More technically — a Useful Data Artifact is a nonrandom subset or derivative digital product of a data source, created by an intelligent agent (human or software) after performing a function on the data source.
Our industry loves acronyms, so I’m going to use UDATs to refer to Useful Data Artifacts from here on out. It’s fun to say — give it a try.
Why the generation and management of UDATs are critically important right now.
- Because data is expanding at an exponential rate, both in scale and complexity.
- Because people have far more questions of — and needs for — data sources than current processes and systems can handle. There is a significant Last Mile Problem.
- Because the state-of-the-art outputs from data analysis software are visualizations and dashboards, which are highly overrated — specifically because visualizations fail to generate UDATs.
- Because the investment you put into collecting, storing and utilizing data sources is wasted if you don’t have a systematic process for creating recordable, attributable, reproducible and useful outputs from analysis.
- Because you don’t want your organization’s discoveries and trade secrets sequestered in the brains of your employees or scattered about in different places or incompatible digital formats.
Some key properties of UDATs:
- Digitally storable in a structured schema.
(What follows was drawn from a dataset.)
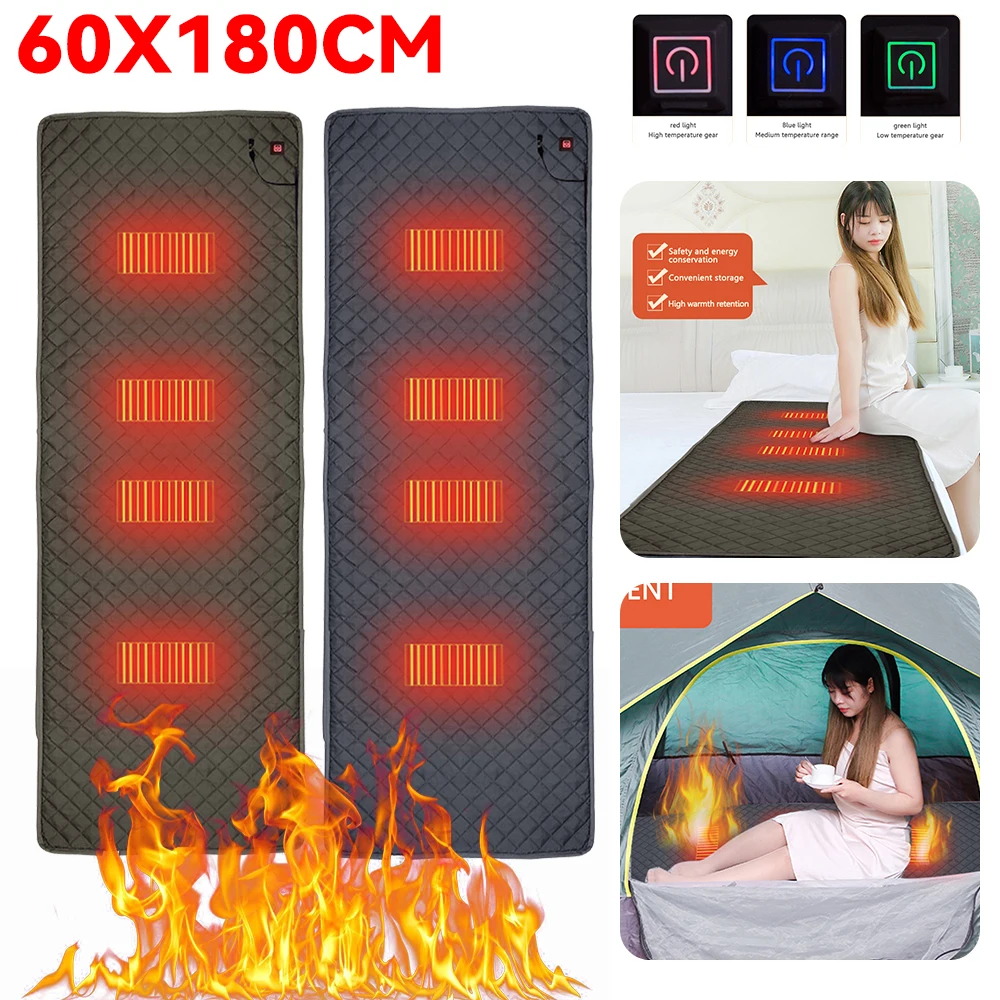 60X180cm Camping Tent  Heated Mat Outdoor Travel USB Electric Blanket 3 Level Adjustable Temperature Heater Cushion for Winter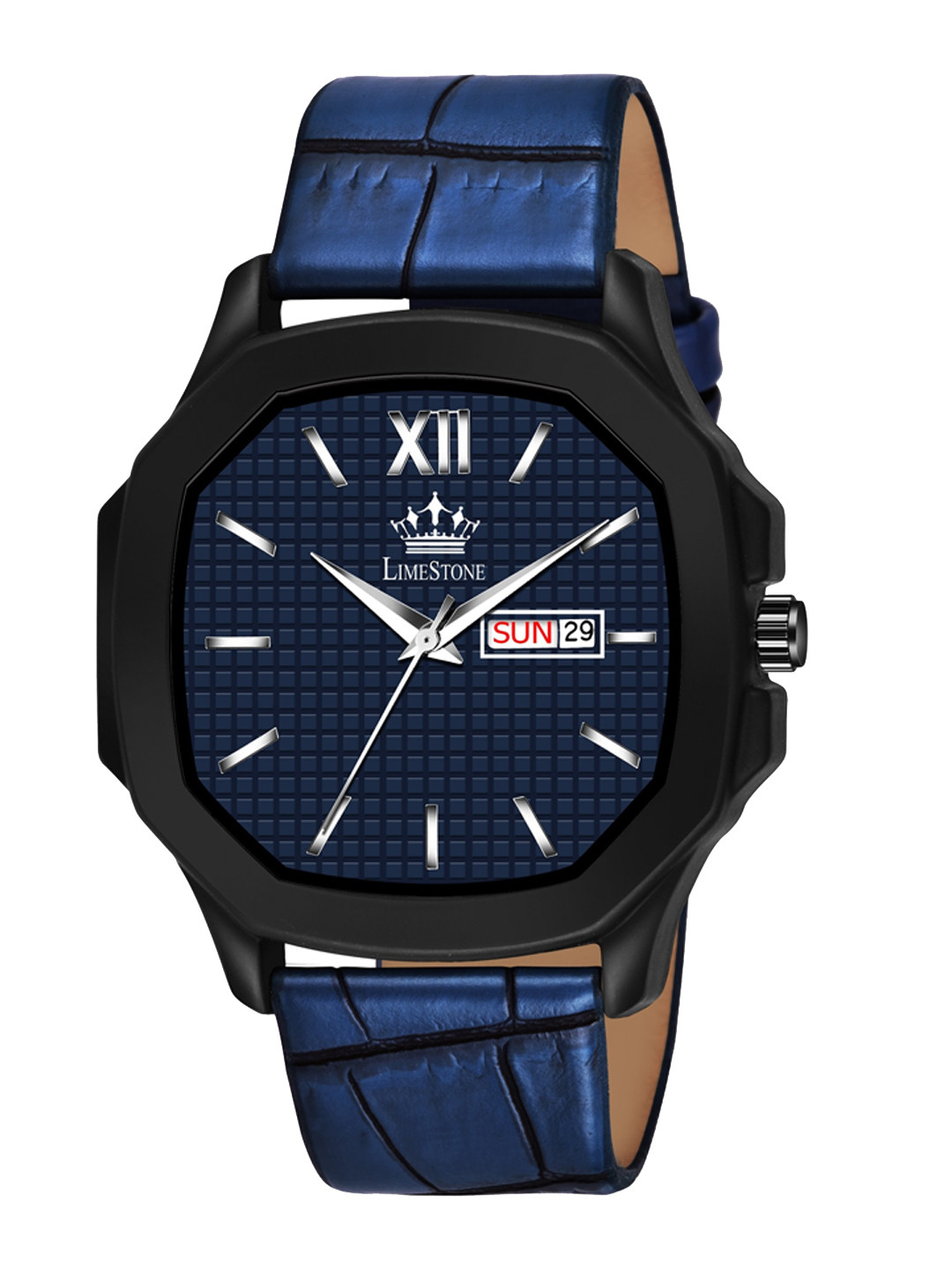 

LIMESTONE Men Blue Brass Dial & Blue Leather Straps Analogue Watch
- With provenance — i.e. explicitly attributable to the persons and processes that created it.
- FAIR (Findable, Accessible, Interoperable, Reusable).
- Useful! For reporting, making decisions, applying to other data sources or exporting for use in external systems.
You are probably already creating UDATs now, here are some examples:
- Analysis parameters — the arguments and settings by which you configure and run an analysis — i.e., the question or request you asked of the data.
- Cohorts — subsets of entities, otherwise known as clusters or segments.
- Vohorts — subsets of variables, otherwise known as signatures or feature sets.
- Query results — products of structured queries and functions, often producing derivative tables.
- Summaries — results of an analysis on a single cohort, utilizing one or more variables.
- Comparisons — results of analysis comparing cohorts, utilizing one or more variables.
- Similarities — results of finding similarities or differences between entities, e.g. nearest-neighbors.
- Correlations — results of finding similarities or differences between variables.
- Descriptive Models — results of algorithms more complicated than the simple processes described above.
- Projection Models — results of unsupervised analysis which show relationships between known cohorts or identify new cohorts.
- Predictive Models — results of supervised algorithms that can predict values or categories for new entities.
- Systems Models — results of combining cohorts and vohorts with external knowledge bases and ontologies.
How to make software systems and processes produce, manage and utilize UDATs:
- Systematic parameterization and explicit recording of user intent during analysis — i.e. please stop making hyper-interactive dashboards that don’t record anything.
- A robust, universal, open schema for digital storage of the different types of UDATs.
- Provenance — know what, who, when, why and how a UDAT was created.
- Make UDATs FAIR — Findable, Accessible, Interoperable, and Reusable, with important exceptions for keeping trade secrets and sensitive data private.
- Make UDATs shareable — and ideally understandable for humans.
- Make UDATs systematically deployable — i.e. in the case of predictive models.
- Enable utilization of UDATs in subsequent analyses on the same data source, and on different data sources, where applicable.
- Facilitate transfer of UDATs between software systems that would utilize them.
What did I miss?
There’s clearly a lot more to discuss around the definition, utilization, and value of Useful Data Artifacts as the industry evolves.
I should note that at Tag.bio we’ve been producing, storing and utilizing UDATs for some time now — we just never had a good name for them.